For example, suppose we had a sb instruction on address 3 = 0b000011. DMEM will take 32 bits of data we provide and write them to addresses 0-1-2-3, but we actually want to write 8 bits to address 3. To do this, we can make a 32-bit value where the bytes at addresses 0-1-2 (bits 0-23) are all zeros (doesn't matter), and the byte at address 3 (bits 24-31) is the 8 bits we want to store in memory.

We can use this logic to implement this in our circuit: The bottom 2 bits of the address are 0b11 = 3, so we need to place the 8 bits we want to store at the 3rd byte (zero-indexed) of the data we're passing to DMEM.

Finally, we need to create a 4-bit write mask which will tell DMEM which bytes of the data we want to store to memory. Each bit of the write mask corresponds to one of the 4 bytes in memory that DMEM might store to. If a bit in the mask is 0, DMEM will not store that byte to memory.

For example, the write mask 0b0001 says to only write the 0th byte (bits 0-8) to memory, leaving the others unchanged. The write mask 0b1100 says to only write the 2nd and 3rd bytes (bits 16-31) to memory, leaving the others unchanged.

Partial Store

Fill in the partial_store.circ subcircuit.

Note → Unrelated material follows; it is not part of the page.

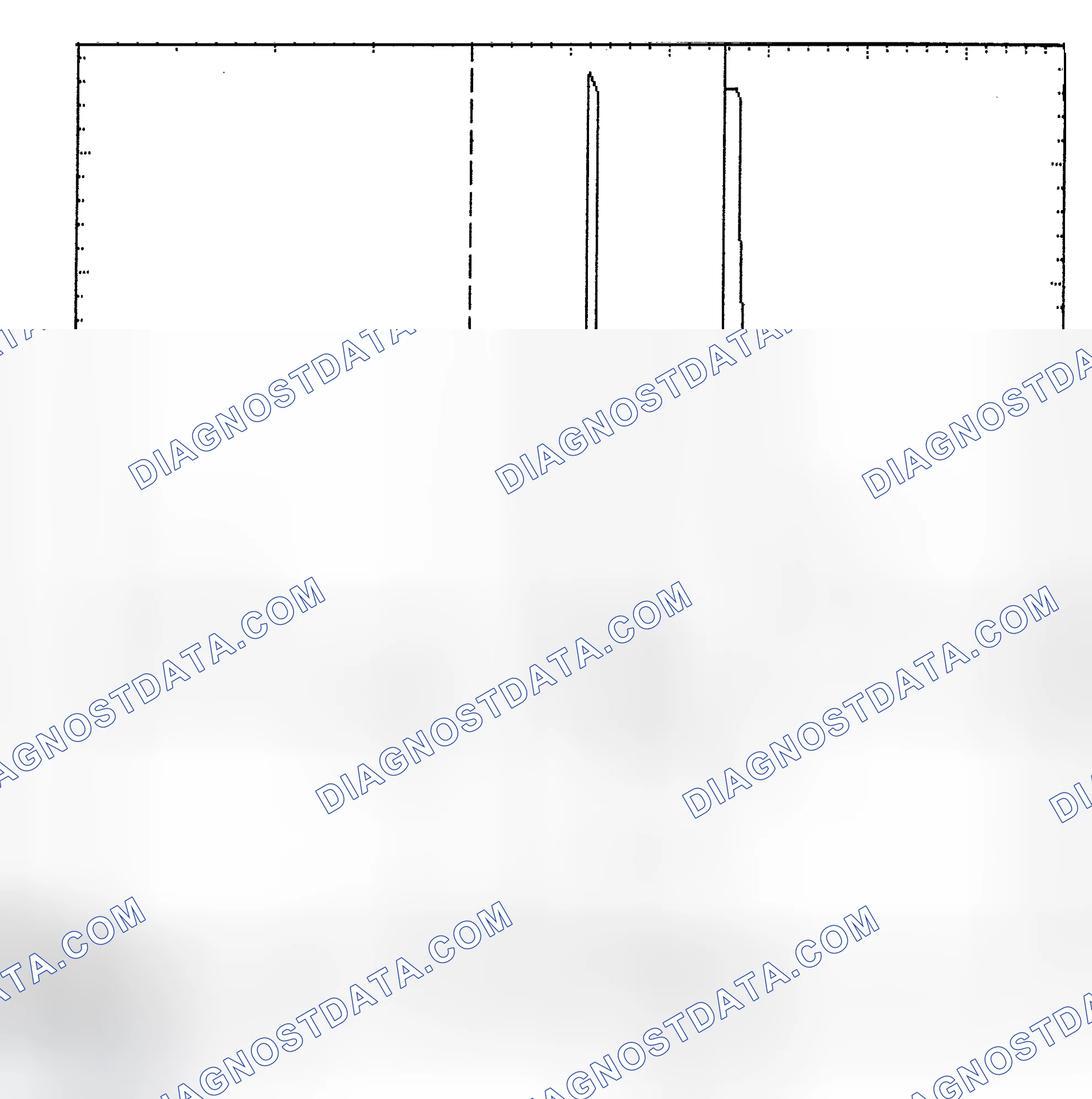 Scheme 6: Identifying Current Controlled Type Injector Pattern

Signal Name Direction Bit Width Description
Instruction Input 32 The store instruction being executed.
MemAddress Input 32 The memory address to store to (bottom two bits are not zeroed).
DataFromReg Input 32 The data from the register.
MemWEn Input 1 The control signal indicating whether writing to memory is enabled for this instruction.
DataToMem Output 32 The data to store to memory.
MemWriteMask Output 4 The write mask indicating whether each byte of DataToMem will be written to memory.

A table of all scenarios you need to handle in the partial store subcircuit is provided below. All 3 store instructions have opcode 0x23.

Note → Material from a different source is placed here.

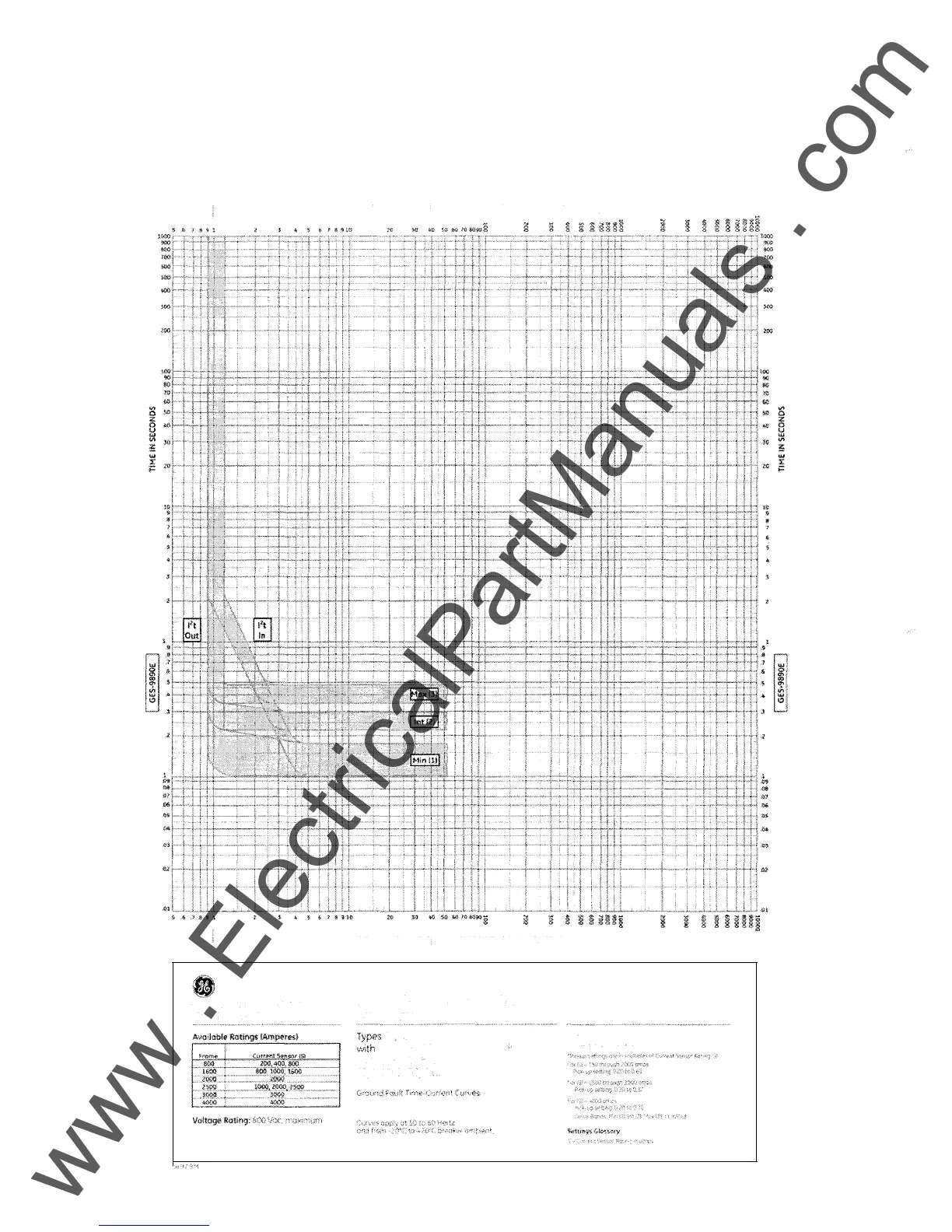 Page #50 background image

Instruction Funct3 Bottom 2 bits of MemAddress DataToMem MemWriteMask
Bits 31-24 Bits 23-16 Bits 15-8 Bits 7-0
sb rs2, offset(rs1) 0x0 0b00 0 0 0 DataFromReg[7:0] 0b0001
0b01 0 0 DataFromReg[7:0] 0 0b0010
0b10 0 DataFromReg[7:0] 0 0 0b0100
0b11 DataFromReg[7:0] 0 0 0 0b1000
sh rs2, offset(rs1) 0x1 0b00 0 DataFromReg[15:0] 0b0011
0b10 DataFromReg[15:0] 0 0b1100
sw rs2, offset(rs1) 0x2 0b00 DataFromReg 0b1111

Note that for any non-store instruction (i.e. when your MemWEn control signal is 0), MemWriteMask should be set to 0b0000.

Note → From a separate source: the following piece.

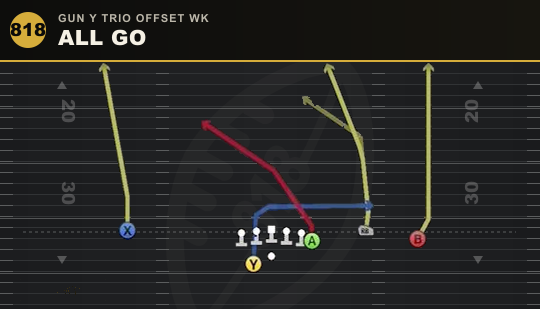 ALL GO from Gun Y Trio Offset Wk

Note: The bytes in DataToMem that aren't being written to the file (i.e. where MemWriteMask is 0) can technically be any value, but we've listed them as 0s in the table. The unit test for this part also assumes that those bytes will be 0.

Testing and Debugging

We've provided some unit tests for the partial load and store subcircuits. These are not comprehensive. You can run these tests with:

bash test.sh test_partial_load
bash test.sh test_partial_store